___ INPUT DATA

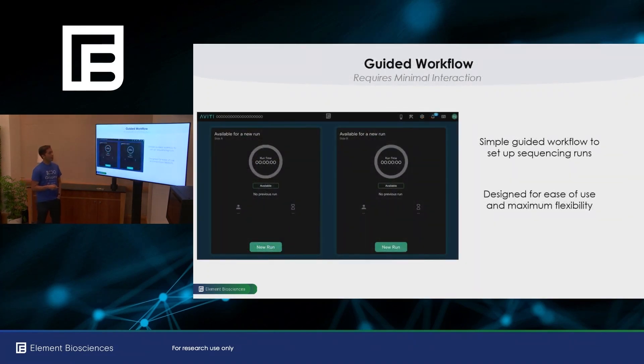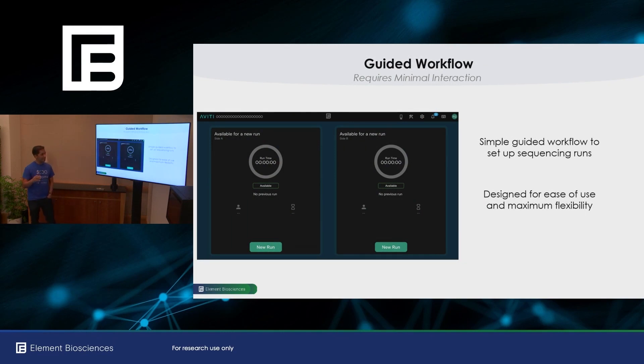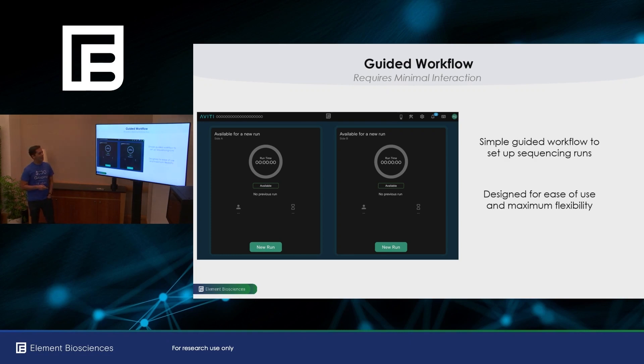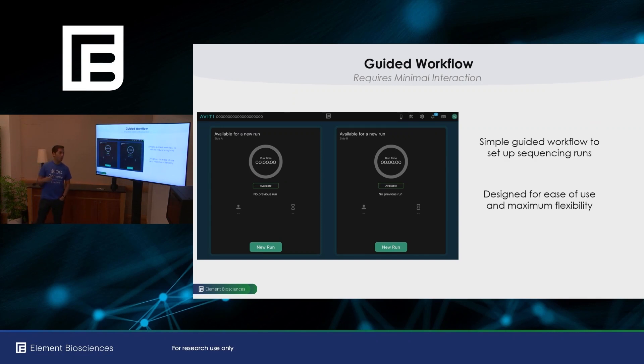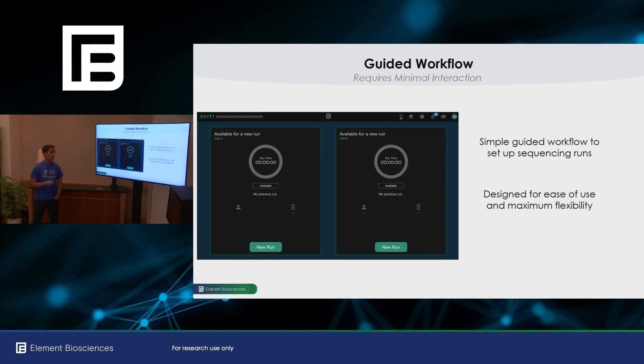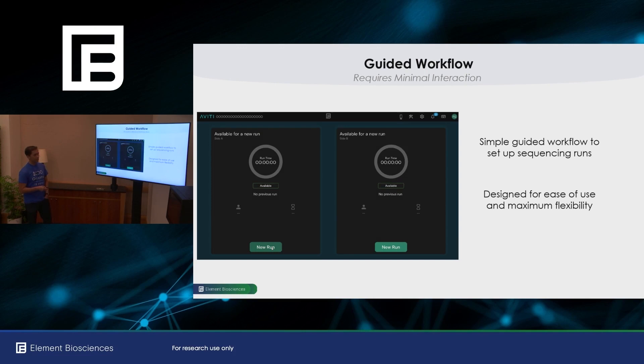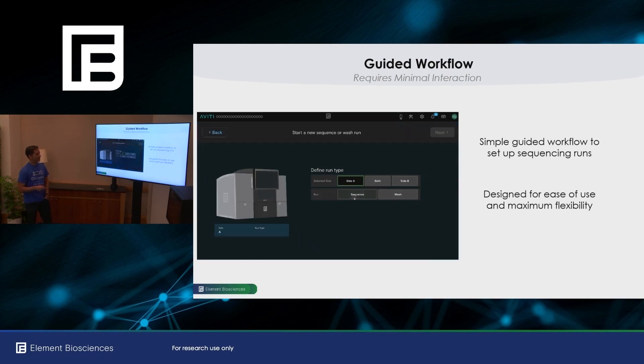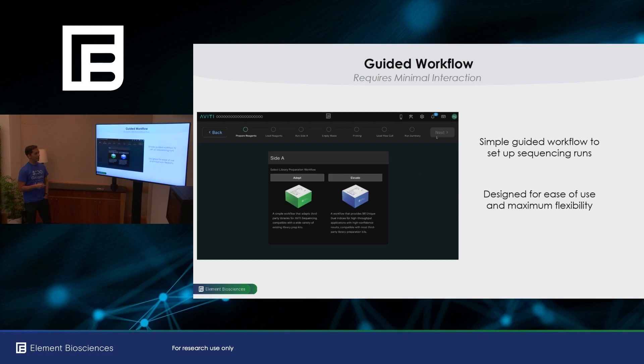So Aviti OS was designed from the ground up to be as simple and intuitive and delightful as possible. Our designers worked very hard to make sure that every interaction is purposeful. We've also gotten feedback, maybe some of you are early users with 1.0, and we've incorporated that feedback, improved the look and feel, and also updated the workflow. So let me walk you through that a little bit. And we have these instruments here, so I welcome you to use them after the talk.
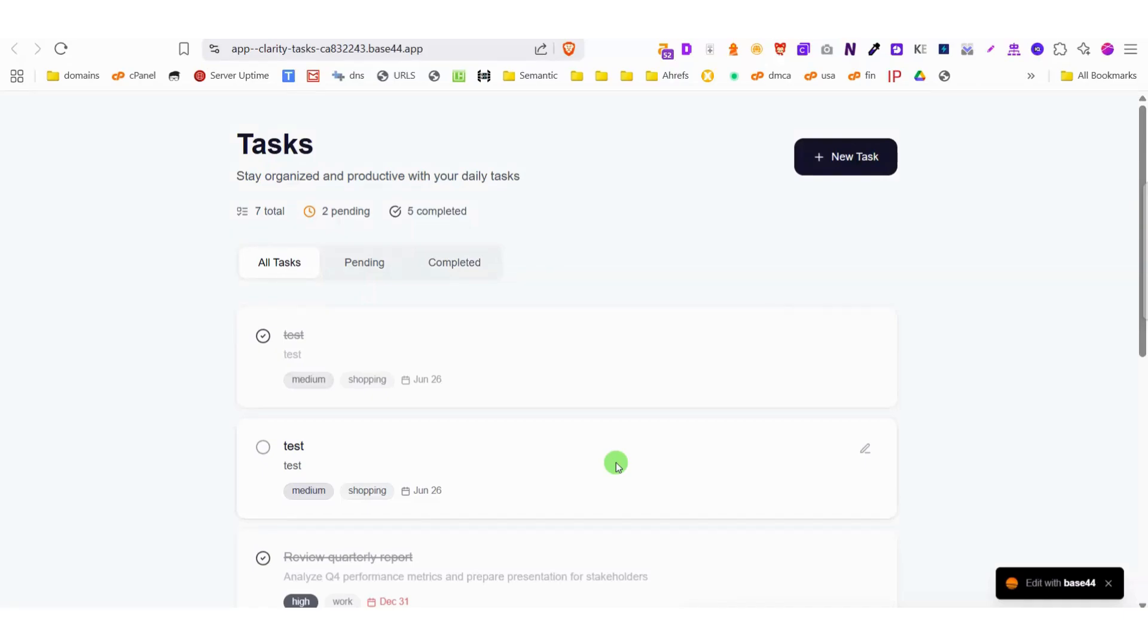Hello everyone, and welcome to today's exciting new video. Today, we're diving into an incredible new website builder called Base44.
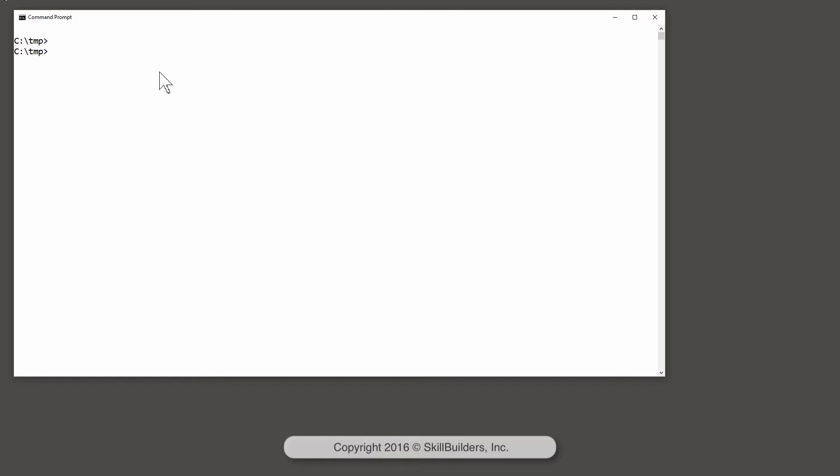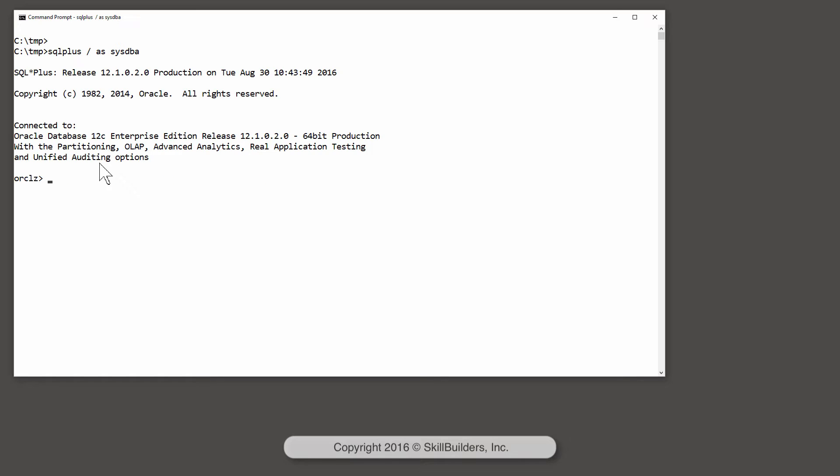The first step is to create the schema within which I'm going to work. I'll create my user JW and grant him connect and resource. Not necessarily best practice in a production system, but it will do for this demonstration.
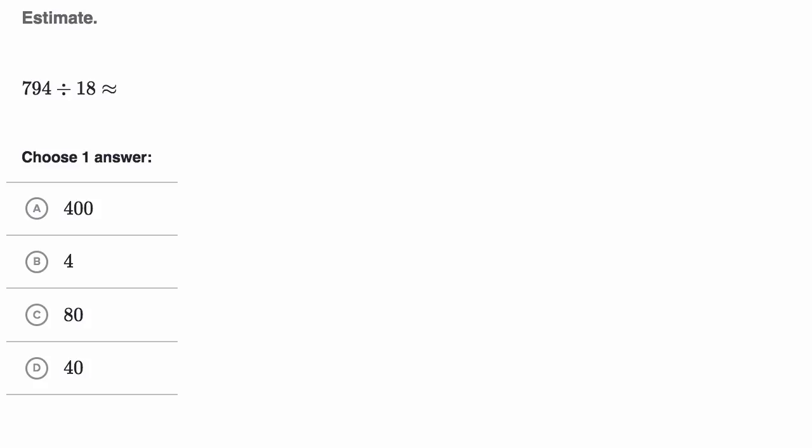What we want to do in this video is get some practice estimating multi-digit division problems. So here we're asked to estimate 794 divided by 18.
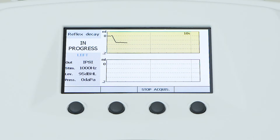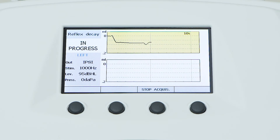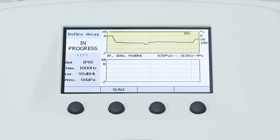Once the exam is completed, just below the graph, the test results will be shown, including the timings of activation and deactivation of the acoustic reflex.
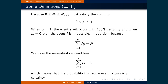Let's define a couple of other things. Because the number of times a specific event occurs must be greater than or equal to 0 and less than or equal to the total number of events, the probability that a specific event occurs must lie between 0 and 1. When the probability is 1, the event occurs with 100% certainty; when it's 0, the event is impossible. In addition, because the sum of all times each event occurs equals the total number of events, we have the normalization condition, meaning the probability that one of the events occurs is a certainty.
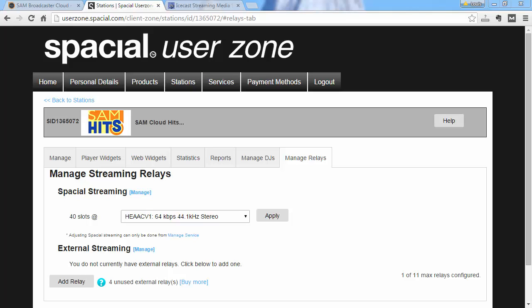That brings us to the end. Thank you for watching this tutorial on how to configure Icecast streaming with SAM Broadcaster Cloud.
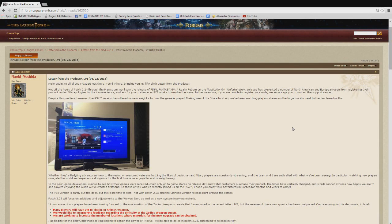Hey guys, Mr. Happy here, and today I'm going to do a quick video about the letter from the producer number 56. This didn't have a lot of information in it, but there were a few things that we got to see here.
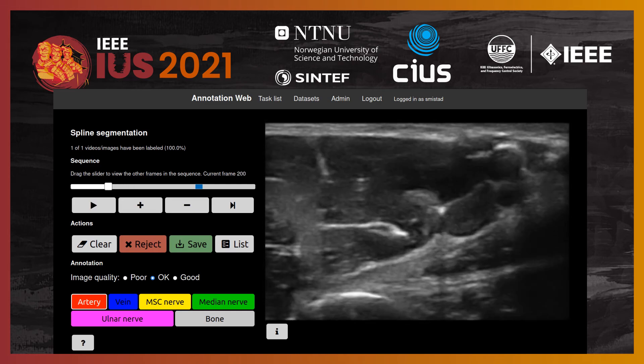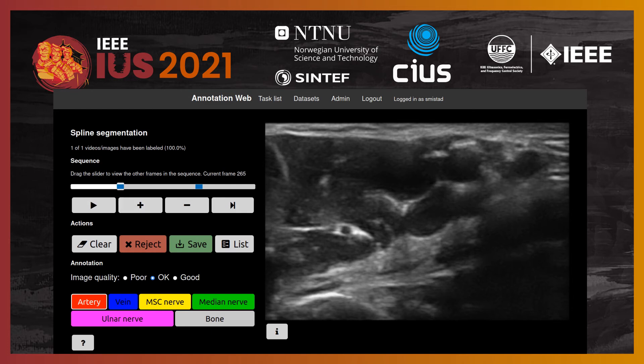This is the spline segmentation tool, which allows you to set control points which form a spline to delineate a structure.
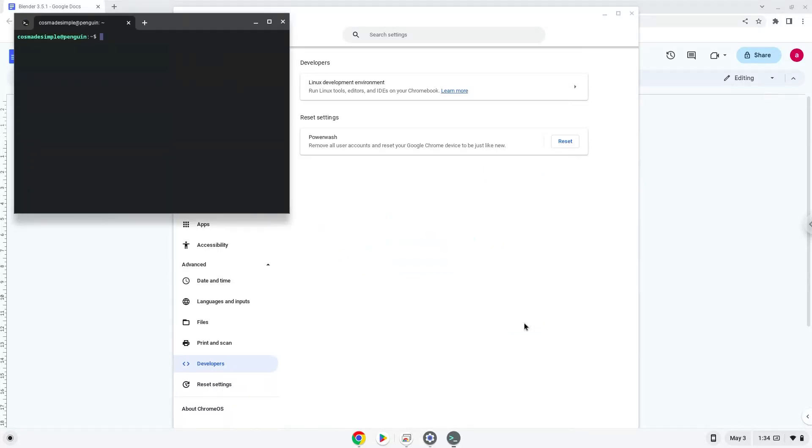Now that we have enabled Linux apps on our system, we will continue to the next step, which is to run several commands in a terminal which will install the application. All the commands are in the video description.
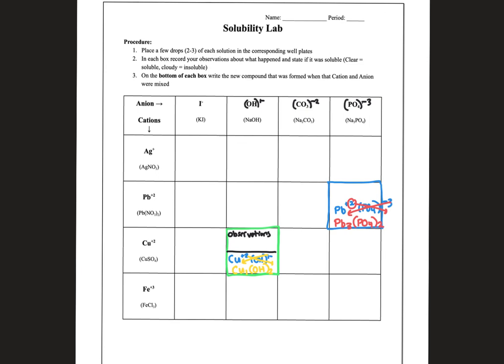One last thing: when you're done, take a picture of your well plates so we can talk about the results more in class. Once you have all of the wells reacted, snap a picture of it so we have it to look at together.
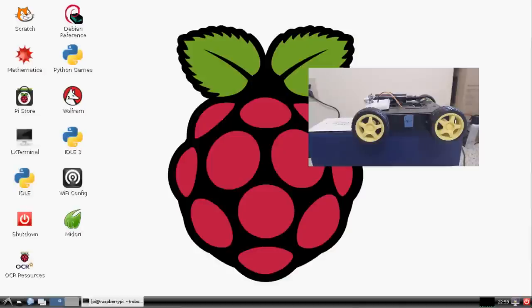What is going on everybody? Welcome to another Robotics with Python and the Raspberry Pi tutorial video. In this video we're going to just toe the line into autonomy.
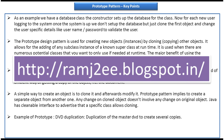I have put together all these key points in my blog called ramj2e. I have also put sample code related to this prototype design pattern in my blog. So you can visit my blog, get the sample code, and read the key points. This is about prototype design pattern key points.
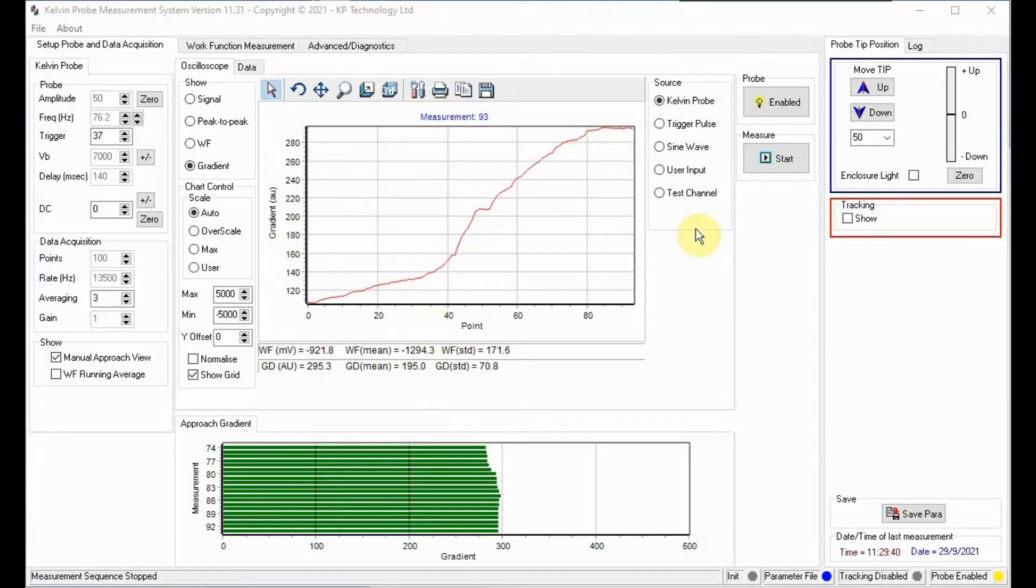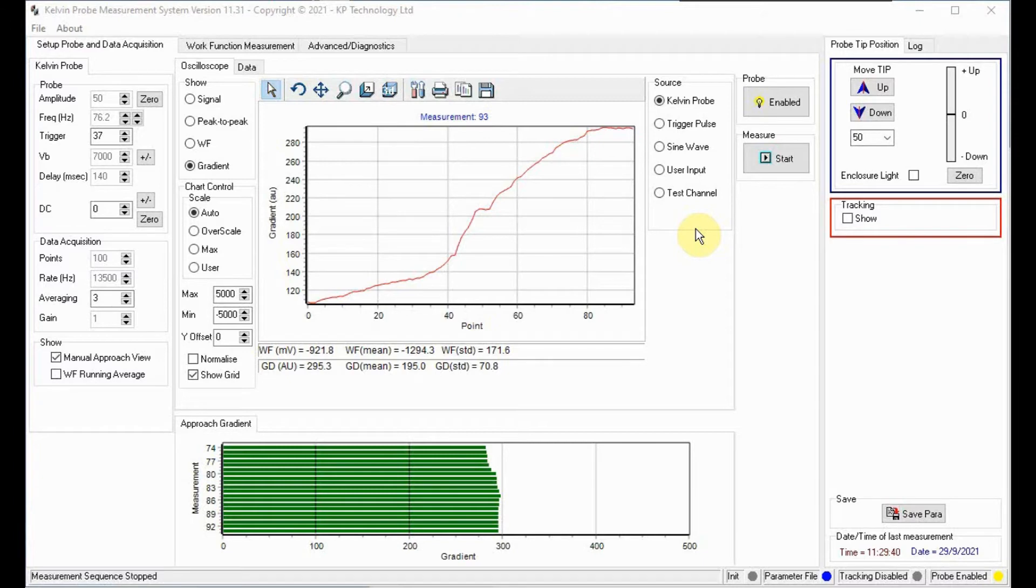At this point we remove the anti-static wrist strap and can now close the enclosure door. Now we are at gradient 300 we can stop measuring and increase the averaging to 30.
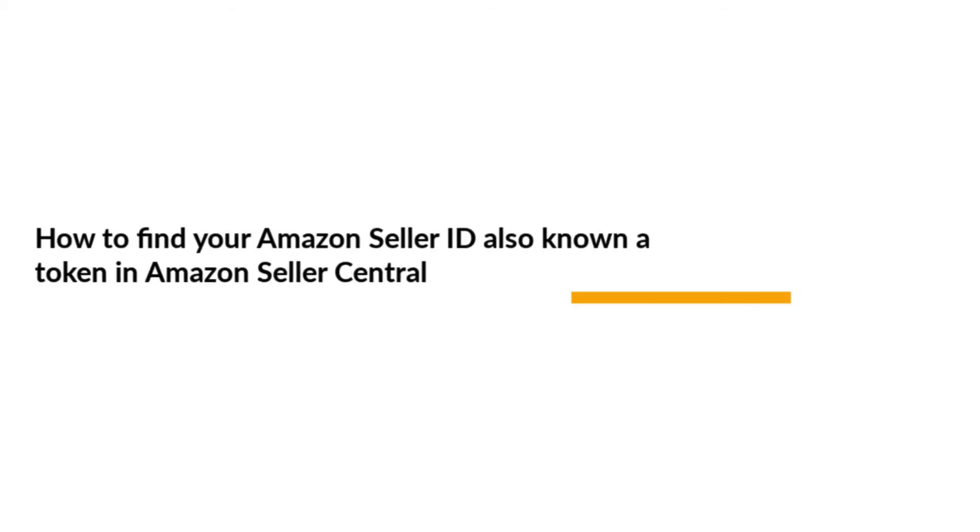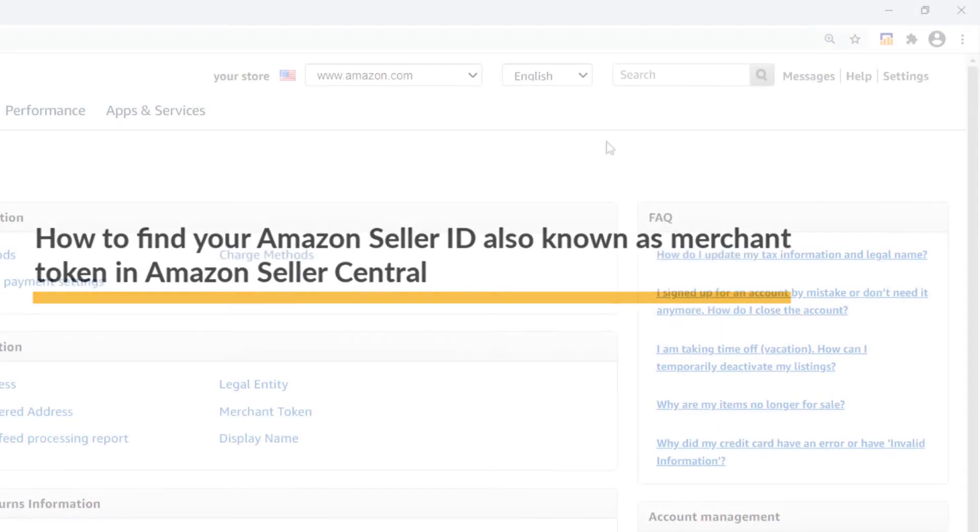Howdy there, Nick with Ace and Zen. In this video I'm going to be showing you where to find your Amazon seller ID, also known as Merchant Token, in Amazon Seller Central.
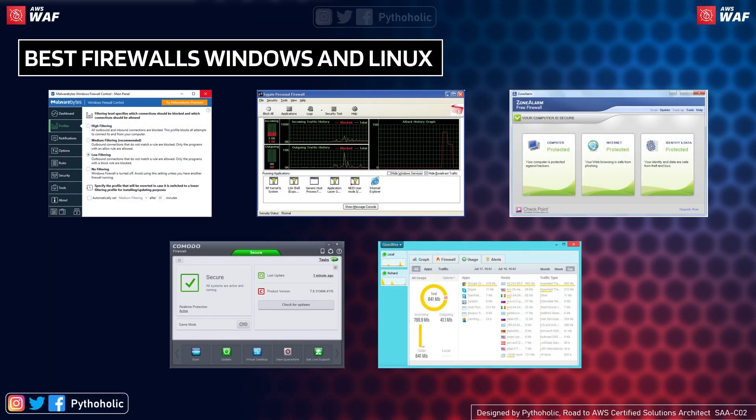Here are some of the best-known firewalls for Windows and Linux: Windows Firewall Control, Sygate Personal Firewall, ZoneAlarm, Comodo Firewall, and GlassWire, which recently launched a new version. If you like any firewalls in particular, please put them in the comments section below.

______

Leave the pictures out and restate exactly the lines from the one that has "I have put together" through the final line of the entries above, both ends included.

I have put together all these key points in my blog called ramj2e. I have also put sample code related to this prototype design pattern in my blog. So you can visit my blog, get the sample code, and read the key points. This is about prototype design pattern key points.
At this point we remove the anti-static wrist strap and can now close the enclosure door. Now we are at gradient 300 we can stop measuring and increase the averaging to 30.
Howdy there, Nick with Ace and Zen. In this video I'm going to be showing you where to find your Amazon seller ID, also known as Merchant Token, in Amazon Seller Central.
Here are some of the best-known firewalls for Windows and Linux: Windows Firewall Control, Sygate Personal Firewall, ZoneAlarm, Comodo Firewall, and GlassWire, which recently launched a new version. If you like any firewalls in particular, please put them in the comments section below.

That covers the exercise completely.